Qu'on arrête de banaliser le racisme!

Lire l'article de Federico RapiniJournal du Jura en ligne
Des Noirs se voient refuser l'entrée d'un bar en raison de leur couleur de peau. La scène ne se déroule pas dans un Etat ségrégationniste étasunien au cours de années 50, mais l'année dernière, dans une commune du Chablais vaudois. Ou dernièrement, dans la capitale helvétique. Certes, on peut parler de cas isolés, de gérants aveuglés par la peur de l'étranger et encouragés par une extrême droite qui claironne son infâme idéologie depuis les plus hautes sphères politiques suisses. Mais alors que le ministre de la Justice Christoph Blocher remet en cause le bien-fondé de la norme pénale antiraciste, ces récents événements démontrent au contraire toute la nécessité de ce texte de loi. A Bex comme partout ailleurs en Suisse. Dans un Etat de droit, il n'est pas tolérable qu'un hurluberlu animé de motivations racistes inscrive «Nègre Go Home» sur les murs - comme c'est arrivé à Bex - sans être inquiété par la justice.

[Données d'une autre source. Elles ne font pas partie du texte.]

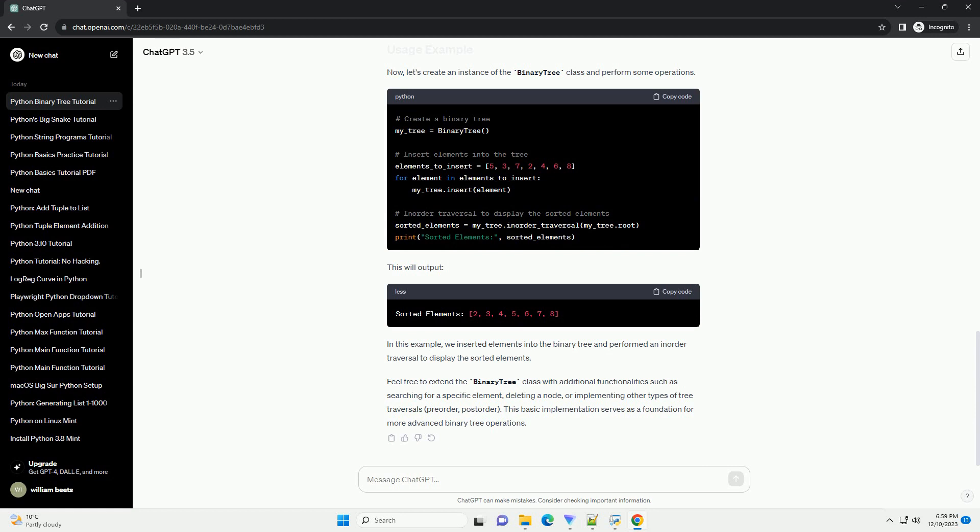Feel free to extend the binary tree class with additional functionalities such as searching for a specific element, deleting a node, or implementing other types of tree traversals, pre-order, post-order. This basic implementation serves as a foundation for more advanced binary tree operations.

L'exclusion et la persécution d'individus basées sur des critères d'ethnie ou de race sont une réalité en Suisse. Pas besoin de chercher bien loin. A Bienne, l'opération «Boule de neige», qui vise à combattre le petit trafic de cocaïne, cible avant tout les Noirs. Le commandant de la police municipale ne s'en cache pas. Sous prétexte que le marché de la rue est tenu par les Africains, chaque personne de couleur devient un trafiquant de drogue présumé. Avec toutes les bavures que cela engendre.

Dans ce contexte de paranoïa, l'attitude de Michel Flückiger ne peut être que dénoncée. Par ses déclarations, le syndic de Bex attise un feu du racisme déjà bien alimenté par l'UDC. Employer un vocabulaire destiné aux animaux pour désigner des requérants d'asile n'est pas très reluisant. Mais refuser de s'excuser «surtout auprès des NEM, car ils ne disposent pas d'un statut légal» frise le dédain. Pourquoi «surtout pas les NEM»? Leur humanité est-elle réduite ou effacée en raison de leur situation instable? Existe-t-il des classes de personnes qui, par défaut, ne méritent pas le respect? Passés quasi inaperçues, les allégations de Michel Flückiger prouvent qu'il a urgence. Le racisme se banalise peu à peu. Tout rempart pour s'en protéger se révèle donc indispensable.